У. Г.: Я никаким образом не могу обособить себя, кроме как используя знание, общее для нас обоих. Так что я никак не могу создать этого индивидуума здесь [указывает на себя] и почувствовать, что здесь присутствует такая вещь, как человеческое тело, что есть нечто, что разговаривает здесь. Тут нет того, кто говорит. Это просто компьютер. А тебе интересно работать на компьютере. Что бы там ни выходило из меня и что ты принимаешь за ответы — это просто распечатка.

Я пытаюсь сказать, что у меня нет образа самого себя. У меня нет возможности создать этот образ. Единственные инструменты, которыми я располагаю, — это мои органы восприятия. Мои органы восприятия функционируют независимо друг от друга.

Нет координатора, который согласовывал бы все ощущения и создавал бы образ.

Поскольку я не могу создать образ здесь во мне, я не могу создать образ тебя и поместить тебя вот туда.

Но это не значит, что я — этот микрофон, или ты, или тот стол. Не то чтобы я был столом, или микрофоном, или этим стаканом воды, или этой визиткой; совсем нет. Но я никаким образом не могу отделить себя от них, кроме как с помощью знания, которое является нашим общим достоянием. Вопросы находят ответы тоже через это знание. Кроме того, только таким образом я могу испытывать происходящее.

Как ни странно, то, что мы видим здесь [в нас самих], — противоположность тому, чем мы хотели бы быть, чем, как мы думаем, нам следовало бы быть. Иначе невозможно создать образ себя. Поскольку вы хотите быть чем-то отличным от того, чем вы являетесь (это вложение культуры), вы создаёте нечто противоположное [тому, каким вы хотели бы быть]. Это постоянная борьба за то, чтобы стать чем-то отличным от того, чем вы являетесь.

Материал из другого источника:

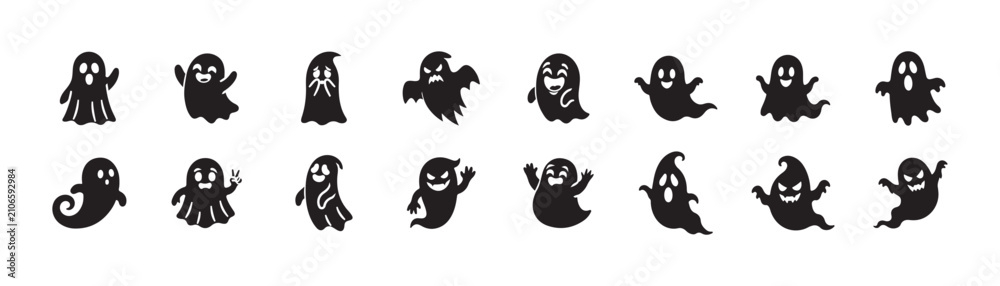 Fototapeta premium Halloween Ghosts Set – Cartoon Spooky Spirit and Haunted Character Icons, EPS 10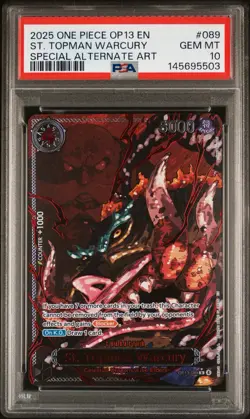 2025 One Piece OP13 Special Alt Art Demon God #089 St. Topman Warcury PSA 10 - Image 1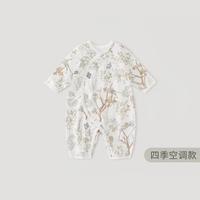 新生儿婴儿衣服春季ins风哈衣夏季长袖薄款空调服睡衣宝宝连体
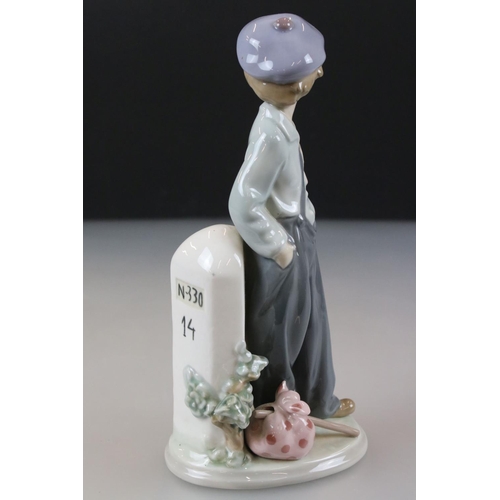 54 - Two Lladro Models including Boy with Knapsack, 21cm high and ' Bashful Bather ' model 5455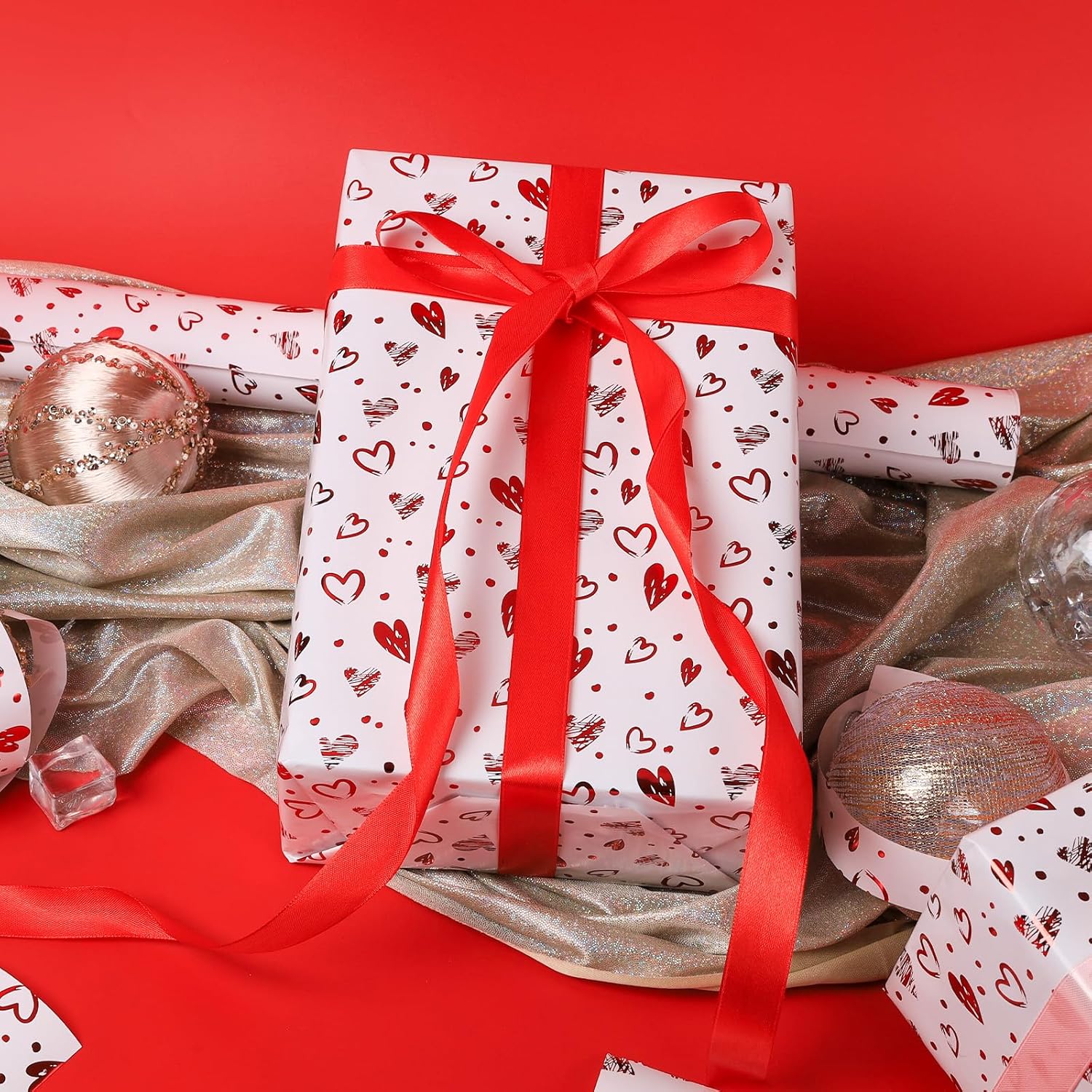 Foil Hearts Wrapping Paper Roll, Sliver Red Heart Mini Roll 17Inx32Ft-Luxury Gift Wrap For Valentine'S Day,Anniversary, Mom'S Mother Birthday, Wedding Party Bridal, Holiday, Christmas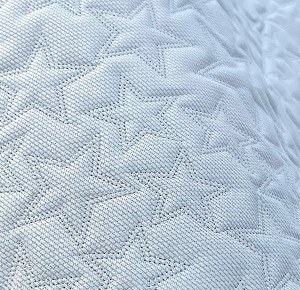 22,5mb OUTLET VELVET niebieski pikowany w Gwiazdki. Tkanina wyściółkowa Minky Plusz Materiał wyściółkowy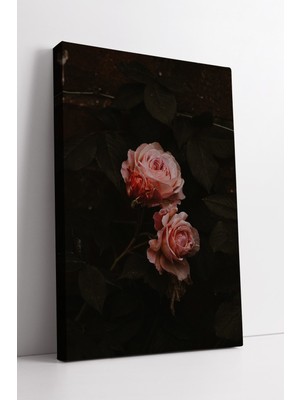 KOSS Dijital Pembe Gül Çiçek Temalı Dekoratif Duvar Sanatı Modern Ev ve Salon Için Şık Kanvas Tablo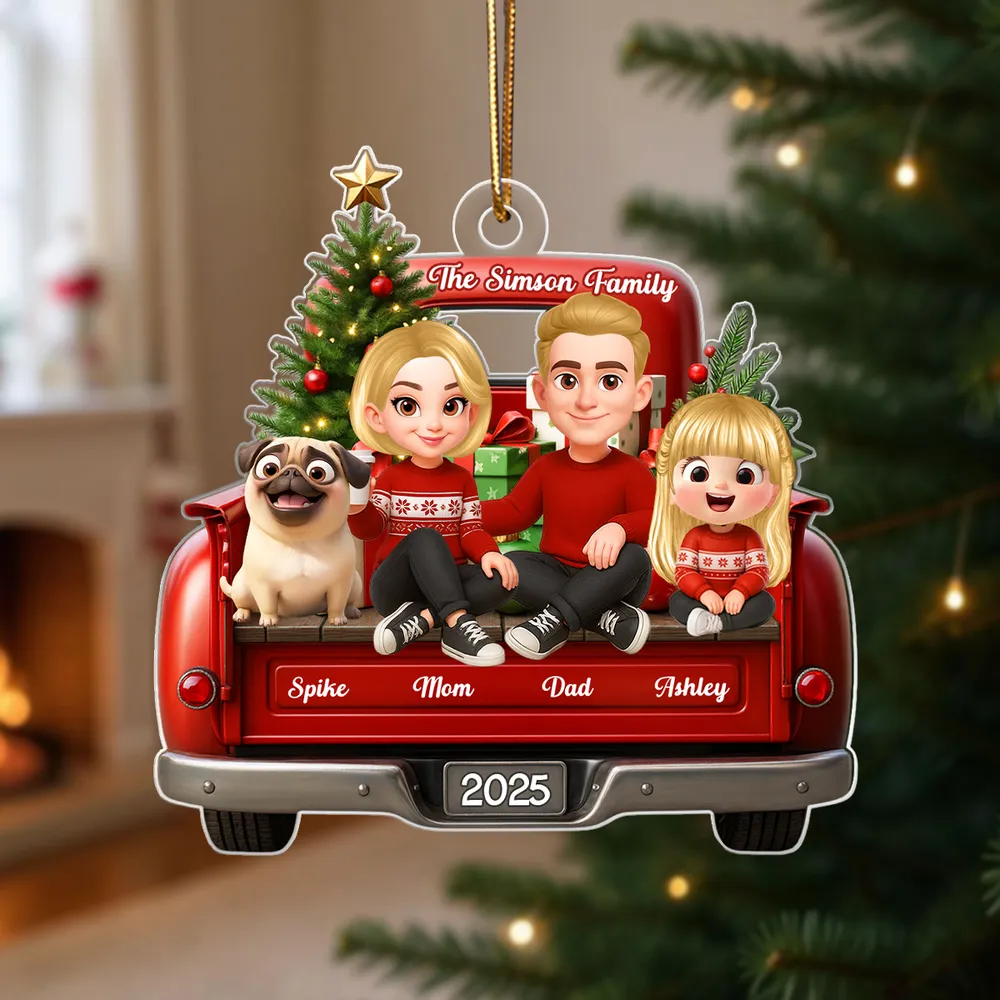 Acrylic Ornament — red truck Christmas family with tree & pup, cheerful décor for mantel or tree, sentimental keepsake, perfect gift - Image 4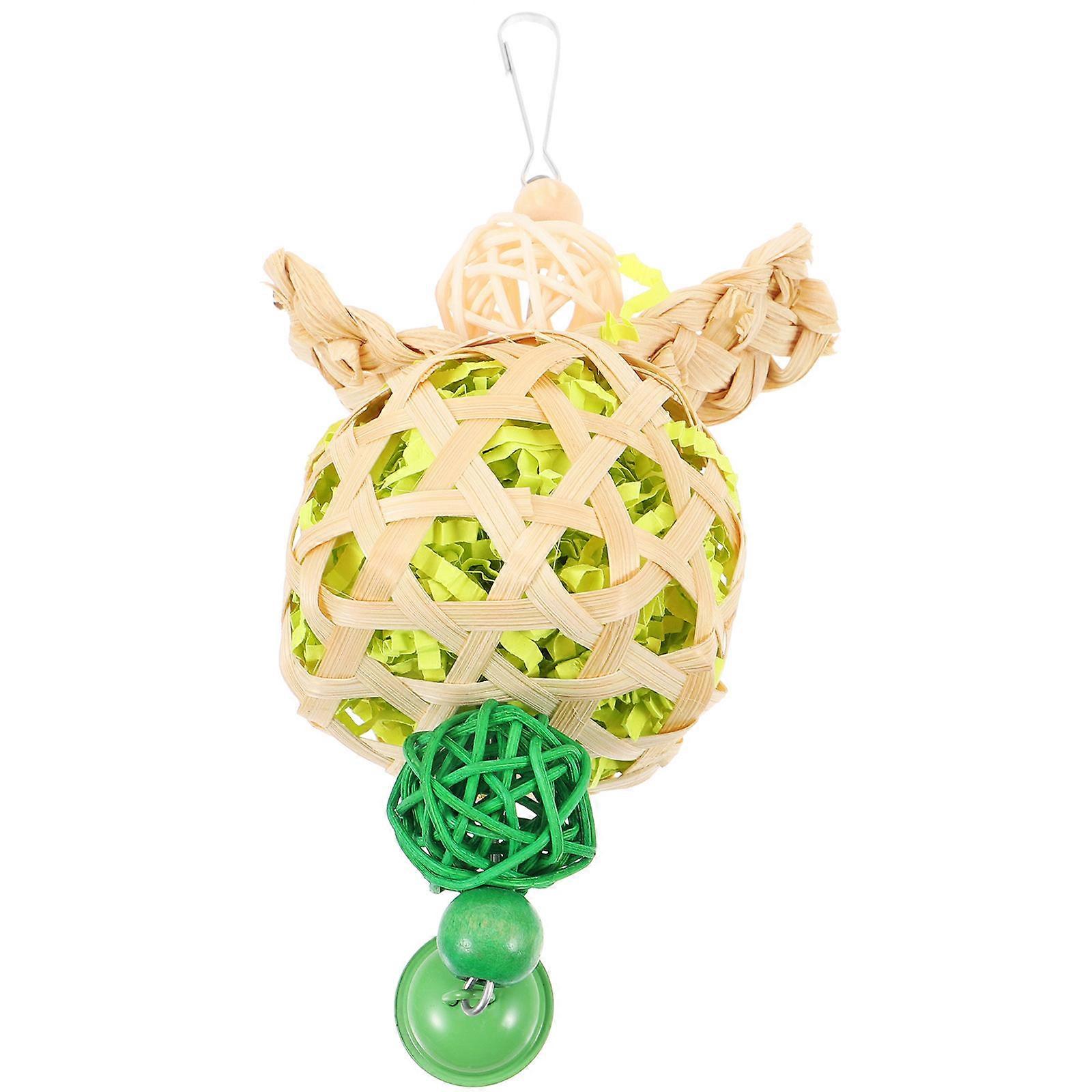 Bird Toys Hanging for Pulling 5Pcs Bamboo and Paper Parakeet Toys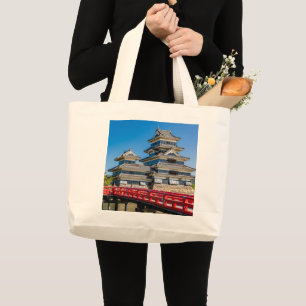 Matsumoto castle and bridge large tote bag
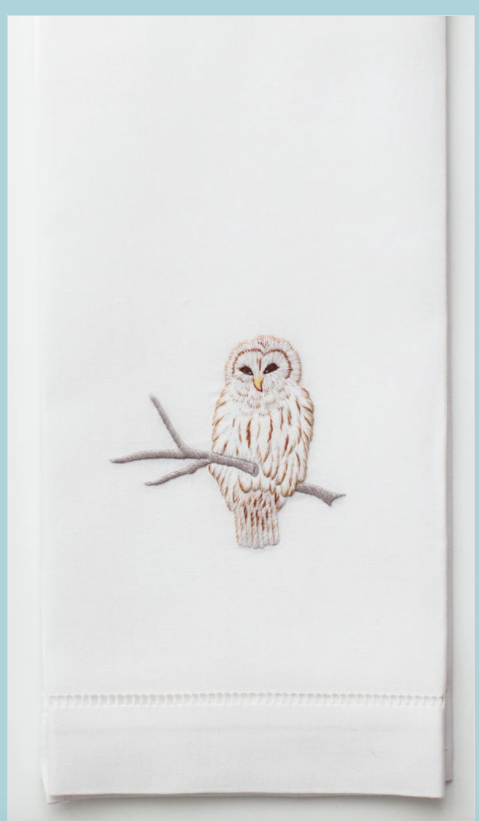 Henry Handwork Snowy Owl Hand Towel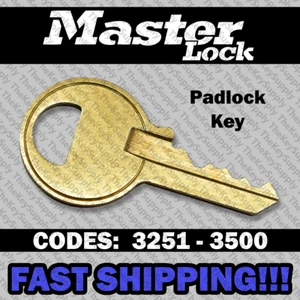Master Lock Padlock Replacement Key Cut to Your Code 3251 - 3500 - Picture 1 of 1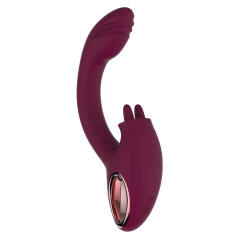 8.59" Magenta Rechargeable Silicone Rabbit Vibrator – 7 Vibrating + 7 Tongue Licking Modes Dual Stimulation Design
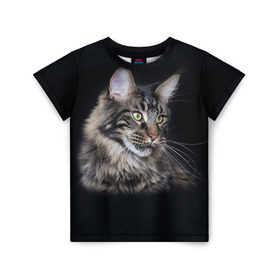 Детская футболка 3D с принтом Мейн-кун 5 в Тюмени, 100% гипоаллергенный полиэфир | прямой крой, круглый вырез горловины, длина до линии бедер, чуть спущенное плечо, ткань немного тянется | Тематика изображения на принте: кот | котенок | котик | котэ | кошка | мейн кун | мейнкун | мэйн кун | мэйнкун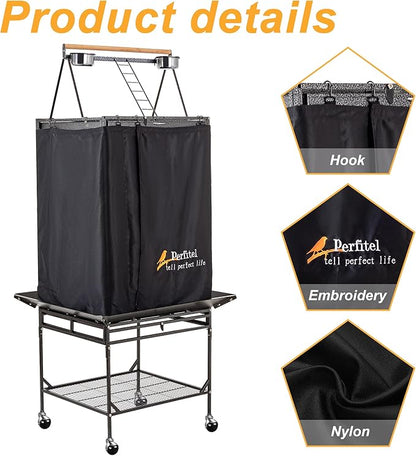 Bird Cage Cover(Black) Good Night Birdcage Cover Black-Out Birdcage Cover Durable Breathable Washable Material… (68 inch)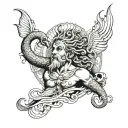 Neptune half sleeve tattoo design idea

То, что присутствует здесь, — это противоположность того, чем вы хотели бы быть, и это создаёт время. Мысль никогда не может осознать возможность достижения чего-то иначе как в рамках времени. Она не хочет отпускать этот образ, который создан тем, чем вы хотели бы быть, чем, как вы думаете, вам следовало бы быть. Это действительно проблема.

«Здесь два человека обмениваются идеями» — насчёт этого я, правда, ничего не знаю. Я никак не могу испытать это. Но если ты спросишь меня: «Что это такое говорит здесь?», я скажу, что это У. Г. и ты. Это может занять некоторое время, потому что компьютеру нужно обработать имеющуюся информацию. Я имею в виду не эту ситуацию, но более сложные случаи.

Мы думаем, что наша память очень быстрая. Но на самом деле она медленнее, чем деятельность органов восприятия. Присутствует иллюзия, что память работает постоянно, пытаясь записать всё в свою систему. Но эту иллюзию создаёт ум, чтобы поддержать непрерывность нашей идентификации. Мы не можем позволить себе выпустить из рук свою идентификацию, спим ли мы, бодрствуем или видим сны. Эта идентификация всё время присутствует, и мы не хотим отпускать её.

Я не говорю, что мысль бесполезна или что-то в этом роде. Она заинтересована в поддержании своей непрерывности. Когда идентификация отсутствует, у вас нет другого способа с чем-либо отождествить себя, кроме как с помощью знания. Так что я признаю, как любой другой человек, реальность мира, навязываемую мне. Иначе я оказался бы в психушке, напевая полоумные песенки и весёлые мотивчики. Но в то же время я знаю, что мысль утилитарна по своей сути и не может помочь мне стать чем-то, чем я не являюсь.